23 September, 2010

270 days of summers

It became a tradition, that every summer dramatically changes my life.

In 2008 my engineering skills were too low for real development, but I had been accepted into Google Summer of Code and it changed my vision of what development and engineering are. I understood that programming languages are mostly like human one: most important is what you say and not just speaking style. You can know language well, but you can have nothing to say.

At the same time I had very strong family problems: cancer started to kill my lovely granny, who was my best friend and mentor all my life. Now I see, all that pain made me much stronger and I studied a lesson, that every day is important in our life and nobody knows what can happen tomorrow.

Nothing as important as people who love us and whom we love, and it's stupid to waste the time fighting for good reputation and status in "gangs" you don't respect and who never will understand you.

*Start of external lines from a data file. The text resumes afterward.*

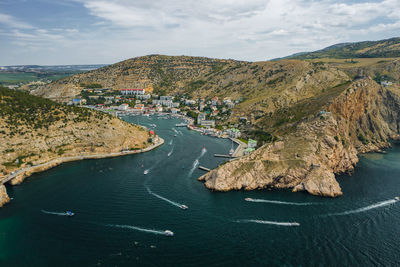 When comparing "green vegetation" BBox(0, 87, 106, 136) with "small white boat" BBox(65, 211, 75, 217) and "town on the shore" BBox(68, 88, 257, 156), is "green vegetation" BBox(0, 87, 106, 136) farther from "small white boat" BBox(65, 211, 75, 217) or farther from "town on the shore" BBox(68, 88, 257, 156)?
"town on the shore" BBox(68, 88, 257, 156)

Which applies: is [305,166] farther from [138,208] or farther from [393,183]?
[138,208]

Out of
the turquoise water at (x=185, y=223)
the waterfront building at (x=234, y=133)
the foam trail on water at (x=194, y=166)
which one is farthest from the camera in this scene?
the waterfront building at (x=234, y=133)

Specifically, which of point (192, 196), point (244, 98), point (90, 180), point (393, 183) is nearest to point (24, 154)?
point (90, 180)

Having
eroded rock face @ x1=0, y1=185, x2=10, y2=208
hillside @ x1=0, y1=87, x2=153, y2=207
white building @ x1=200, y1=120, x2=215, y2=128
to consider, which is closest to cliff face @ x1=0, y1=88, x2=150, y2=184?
hillside @ x1=0, y1=87, x2=153, y2=207

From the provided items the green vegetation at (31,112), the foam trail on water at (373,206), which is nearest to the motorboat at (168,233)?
the foam trail on water at (373,206)

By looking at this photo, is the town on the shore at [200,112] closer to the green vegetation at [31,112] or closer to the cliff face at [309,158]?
the cliff face at [309,158]

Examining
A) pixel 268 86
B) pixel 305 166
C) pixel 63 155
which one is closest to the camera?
pixel 305 166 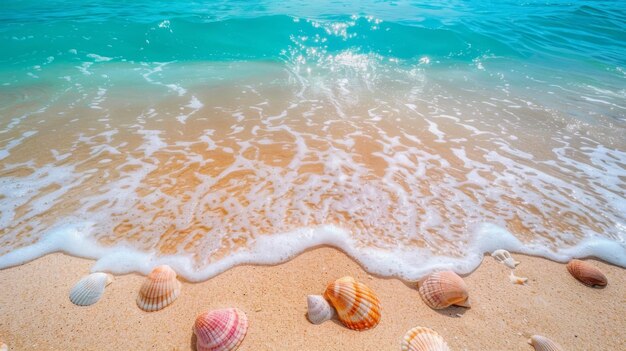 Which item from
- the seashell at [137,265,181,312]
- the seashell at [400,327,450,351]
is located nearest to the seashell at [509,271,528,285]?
the seashell at [400,327,450,351]

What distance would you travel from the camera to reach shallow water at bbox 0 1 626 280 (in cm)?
274

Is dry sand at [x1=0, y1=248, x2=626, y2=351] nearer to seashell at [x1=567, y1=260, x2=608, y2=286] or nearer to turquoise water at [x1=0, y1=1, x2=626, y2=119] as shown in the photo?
seashell at [x1=567, y1=260, x2=608, y2=286]

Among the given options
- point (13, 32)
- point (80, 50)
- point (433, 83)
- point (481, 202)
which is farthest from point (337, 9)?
point (481, 202)

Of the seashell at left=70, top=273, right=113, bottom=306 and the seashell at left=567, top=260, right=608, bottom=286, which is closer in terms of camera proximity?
the seashell at left=70, top=273, right=113, bottom=306

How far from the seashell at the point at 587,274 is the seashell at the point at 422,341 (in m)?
1.56

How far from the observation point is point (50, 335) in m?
1.94

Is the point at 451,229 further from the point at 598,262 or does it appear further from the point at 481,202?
the point at 598,262

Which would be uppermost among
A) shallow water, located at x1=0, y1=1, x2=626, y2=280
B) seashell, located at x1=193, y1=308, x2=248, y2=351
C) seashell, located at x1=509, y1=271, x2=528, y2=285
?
seashell, located at x1=193, y1=308, x2=248, y2=351

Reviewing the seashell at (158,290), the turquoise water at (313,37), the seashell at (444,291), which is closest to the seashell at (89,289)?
the seashell at (158,290)

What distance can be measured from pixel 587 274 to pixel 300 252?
253 centimetres

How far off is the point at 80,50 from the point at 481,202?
14.3 m

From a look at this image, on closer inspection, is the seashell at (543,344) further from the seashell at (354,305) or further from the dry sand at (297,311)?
the seashell at (354,305)

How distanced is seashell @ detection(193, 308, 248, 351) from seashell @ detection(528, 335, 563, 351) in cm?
203

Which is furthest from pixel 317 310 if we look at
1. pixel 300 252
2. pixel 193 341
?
pixel 193 341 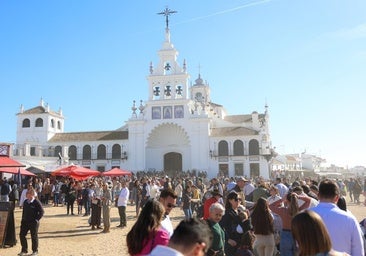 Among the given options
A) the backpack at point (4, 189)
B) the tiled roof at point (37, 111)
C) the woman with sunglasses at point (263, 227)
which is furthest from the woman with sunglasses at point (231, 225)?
the tiled roof at point (37, 111)

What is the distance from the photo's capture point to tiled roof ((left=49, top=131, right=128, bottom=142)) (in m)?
45.2

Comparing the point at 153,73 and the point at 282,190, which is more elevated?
the point at 153,73

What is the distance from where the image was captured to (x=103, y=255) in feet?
29.8

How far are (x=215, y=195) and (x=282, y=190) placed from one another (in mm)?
4924

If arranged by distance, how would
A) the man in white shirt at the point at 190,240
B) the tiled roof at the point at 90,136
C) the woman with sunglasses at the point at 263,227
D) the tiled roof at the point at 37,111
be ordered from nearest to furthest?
1. the man in white shirt at the point at 190,240
2. the woman with sunglasses at the point at 263,227
3. the tiled roof at the point at 90,136
4. the tiled roof at the point at 37,111

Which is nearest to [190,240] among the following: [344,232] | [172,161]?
[344,232]

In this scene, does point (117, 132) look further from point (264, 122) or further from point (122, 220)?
point (122, 220)

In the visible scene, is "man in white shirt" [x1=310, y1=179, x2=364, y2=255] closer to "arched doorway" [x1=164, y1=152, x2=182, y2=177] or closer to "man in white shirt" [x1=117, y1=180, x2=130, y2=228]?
"man in white shirt" [x1=117, y1=180, x2=130, y2=228]

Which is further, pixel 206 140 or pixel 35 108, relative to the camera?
pixel 35 108

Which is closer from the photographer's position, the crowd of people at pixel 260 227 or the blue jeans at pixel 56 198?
the crowd of people at pixel 260 227

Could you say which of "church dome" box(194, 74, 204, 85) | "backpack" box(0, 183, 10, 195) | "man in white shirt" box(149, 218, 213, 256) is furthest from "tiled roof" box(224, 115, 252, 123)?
"man in white shirt" box(149, 218, 213, 256)

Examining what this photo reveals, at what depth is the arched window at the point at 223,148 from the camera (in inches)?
1645

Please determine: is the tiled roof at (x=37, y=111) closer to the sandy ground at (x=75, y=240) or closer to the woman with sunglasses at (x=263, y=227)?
the sandy ground at (x=75, y=240)

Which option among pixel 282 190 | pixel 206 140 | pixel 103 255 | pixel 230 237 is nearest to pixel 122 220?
pixel 103 255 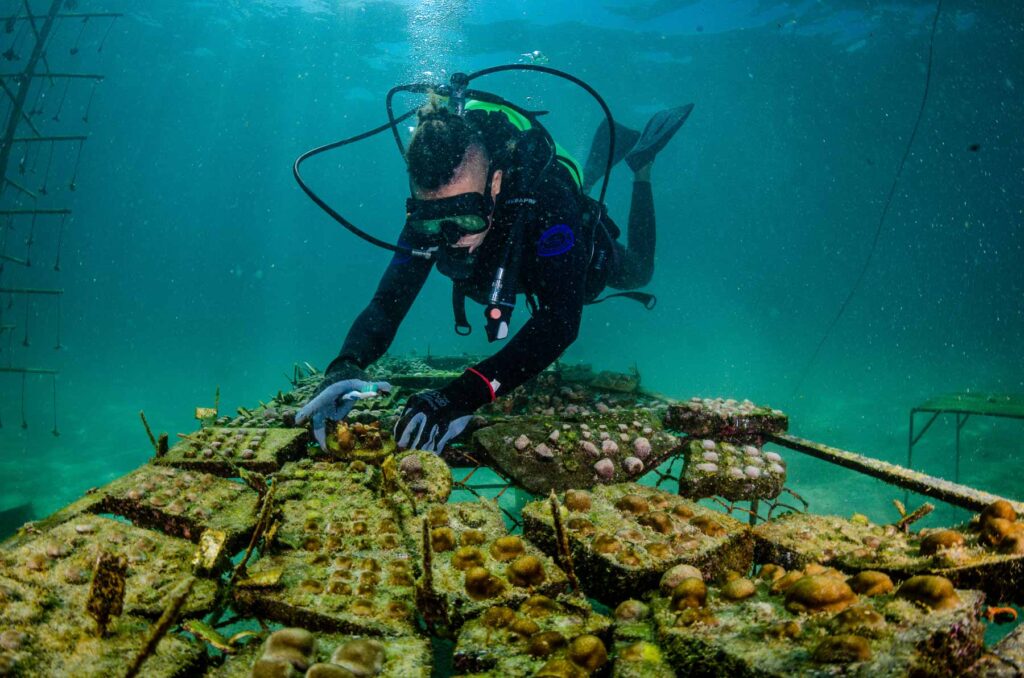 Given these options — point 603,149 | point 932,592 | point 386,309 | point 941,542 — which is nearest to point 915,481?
point 941,542

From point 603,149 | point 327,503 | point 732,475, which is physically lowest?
point 327,503

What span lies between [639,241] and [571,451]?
5.77 m

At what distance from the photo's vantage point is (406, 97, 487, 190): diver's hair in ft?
11.2

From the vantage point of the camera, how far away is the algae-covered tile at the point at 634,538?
1664mm

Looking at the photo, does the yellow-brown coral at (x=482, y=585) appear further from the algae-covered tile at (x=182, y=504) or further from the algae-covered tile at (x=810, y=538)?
the algae-covered tile at (x=810, y=538)

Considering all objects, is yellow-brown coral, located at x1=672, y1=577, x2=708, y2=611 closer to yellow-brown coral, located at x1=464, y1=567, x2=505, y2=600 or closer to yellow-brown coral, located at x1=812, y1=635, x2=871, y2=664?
yellow-brown coral, located at x1=812, y1=635, x2=871, y2=664

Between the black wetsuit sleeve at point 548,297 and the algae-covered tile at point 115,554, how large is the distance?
2.08 m

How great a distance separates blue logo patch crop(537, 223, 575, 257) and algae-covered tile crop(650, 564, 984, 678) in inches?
111

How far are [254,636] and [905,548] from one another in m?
2.34

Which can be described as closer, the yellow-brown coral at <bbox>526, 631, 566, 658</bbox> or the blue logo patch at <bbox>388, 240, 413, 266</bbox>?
the yellow-brown coral at <bbox>526, 631, 566, 658</bbox>

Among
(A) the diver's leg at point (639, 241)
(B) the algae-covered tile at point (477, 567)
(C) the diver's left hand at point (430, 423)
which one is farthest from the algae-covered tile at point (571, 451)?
(A) the diver's leg at point (639, 241)

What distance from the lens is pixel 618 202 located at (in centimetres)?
7919

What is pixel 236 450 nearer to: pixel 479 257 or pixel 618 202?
pixel 479 257

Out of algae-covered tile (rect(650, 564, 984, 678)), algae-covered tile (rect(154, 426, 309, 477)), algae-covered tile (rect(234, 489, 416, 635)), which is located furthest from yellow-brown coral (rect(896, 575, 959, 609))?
algae-covered tile (rect(154, 426, 309, 477)) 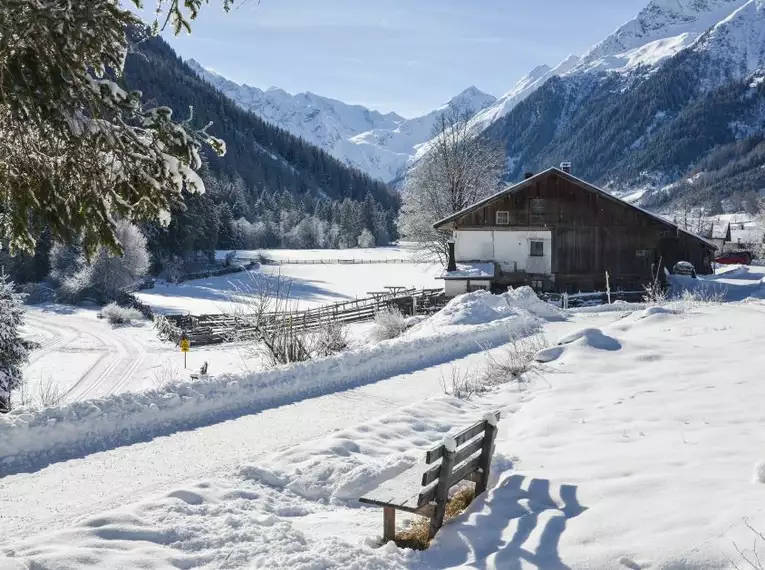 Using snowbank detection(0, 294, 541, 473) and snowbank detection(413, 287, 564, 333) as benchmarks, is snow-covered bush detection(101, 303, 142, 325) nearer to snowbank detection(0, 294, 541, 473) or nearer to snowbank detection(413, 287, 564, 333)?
snowbank detection(413, 287, 564, 333)

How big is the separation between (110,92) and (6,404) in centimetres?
1687

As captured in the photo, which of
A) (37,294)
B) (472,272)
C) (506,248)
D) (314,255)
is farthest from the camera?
(314,255)

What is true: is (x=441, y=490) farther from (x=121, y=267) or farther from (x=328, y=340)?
(x=121, y=267)

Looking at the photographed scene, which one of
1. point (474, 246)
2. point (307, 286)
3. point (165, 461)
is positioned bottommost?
point (307, 286)

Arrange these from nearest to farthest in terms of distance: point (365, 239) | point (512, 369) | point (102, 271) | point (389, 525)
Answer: point (389, 525) < point (512, 369) < point (102, 271) < point (365, 239)

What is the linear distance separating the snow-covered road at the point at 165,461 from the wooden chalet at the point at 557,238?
69.1 ft

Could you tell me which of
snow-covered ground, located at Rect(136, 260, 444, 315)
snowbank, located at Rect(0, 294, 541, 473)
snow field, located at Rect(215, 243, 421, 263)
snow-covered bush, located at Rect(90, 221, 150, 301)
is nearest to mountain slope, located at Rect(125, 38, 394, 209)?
snow field, located at Rect(215, 243, 421, 263)

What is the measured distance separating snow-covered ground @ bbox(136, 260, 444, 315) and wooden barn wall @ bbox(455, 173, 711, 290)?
1538 centimetres

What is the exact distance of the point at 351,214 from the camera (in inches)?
5113

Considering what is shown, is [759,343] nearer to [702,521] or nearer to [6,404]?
[702,521]

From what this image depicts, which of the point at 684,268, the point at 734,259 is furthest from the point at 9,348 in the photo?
the point at 734,259

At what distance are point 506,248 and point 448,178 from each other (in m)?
9.06

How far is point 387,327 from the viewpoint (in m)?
24.8

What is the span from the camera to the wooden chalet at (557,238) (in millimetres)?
34000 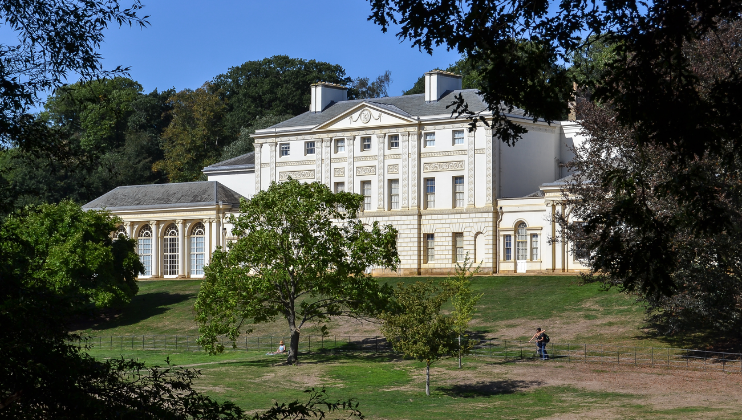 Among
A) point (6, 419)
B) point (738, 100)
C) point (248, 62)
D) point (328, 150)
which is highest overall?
point (248, 62)

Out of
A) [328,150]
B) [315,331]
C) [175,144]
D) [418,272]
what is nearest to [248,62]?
[175,144]

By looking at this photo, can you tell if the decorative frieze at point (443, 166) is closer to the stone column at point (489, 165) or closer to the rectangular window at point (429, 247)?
the stone column at point (489, 165)

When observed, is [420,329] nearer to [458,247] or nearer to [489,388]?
[489,388]

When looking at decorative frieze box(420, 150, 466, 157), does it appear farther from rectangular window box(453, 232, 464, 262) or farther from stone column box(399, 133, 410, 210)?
rectangular window box(453, 232, 464, 262)

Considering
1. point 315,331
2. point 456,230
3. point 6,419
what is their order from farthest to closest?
point 456,230 < point 315,331 < point 6,419

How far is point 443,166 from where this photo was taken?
6925cm

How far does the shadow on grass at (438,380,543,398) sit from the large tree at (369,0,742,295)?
73.5ft

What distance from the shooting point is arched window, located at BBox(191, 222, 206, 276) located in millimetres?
76750

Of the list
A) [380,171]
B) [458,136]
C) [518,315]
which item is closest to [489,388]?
[518,315]

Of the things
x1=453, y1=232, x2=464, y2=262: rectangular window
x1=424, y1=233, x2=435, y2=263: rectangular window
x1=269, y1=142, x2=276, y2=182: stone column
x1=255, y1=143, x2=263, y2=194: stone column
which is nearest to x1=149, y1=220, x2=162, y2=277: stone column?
x1=255, y1=143, x2=263, y2=194: stone column

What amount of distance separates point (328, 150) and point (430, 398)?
138ft

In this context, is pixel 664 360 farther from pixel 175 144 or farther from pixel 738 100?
pixel 175 144

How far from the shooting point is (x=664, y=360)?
3825cm

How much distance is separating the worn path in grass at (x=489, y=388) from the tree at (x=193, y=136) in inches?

The only thing you should do is to build your own word, but not to try to change our big blue sphere whining why most part of people have forgotten what is love, friendship, honor and adherence to the principles. Lieutenant colonel Dmitry Razymovskiy (Vympel, Russian FSB/FSS) sayed: "If a person is not your friend, he is not there for you, if an enemy - he should not exist at all".


To the beginning of summer 2009 I was fully broken: granny just died, I failed to cancel academical vacation and to start next course in university (started the same I had before vocation). The only good thing I had was an offer from Professor Tanenbaum to hack on MINIX 3. It was the thing which helped me to survive after everything that happened. My two projects I've done for MINIX 3 (FPU hardware support and ext2 file server), the team (especially Ben Gras, Thomas Veerman, David van Moolenbroek — the people on whom I want to be like) protected me from the thoughts about past. I enjoyed implementing interesting things (ext2 project was very challenging project for me). It's unforgettable time.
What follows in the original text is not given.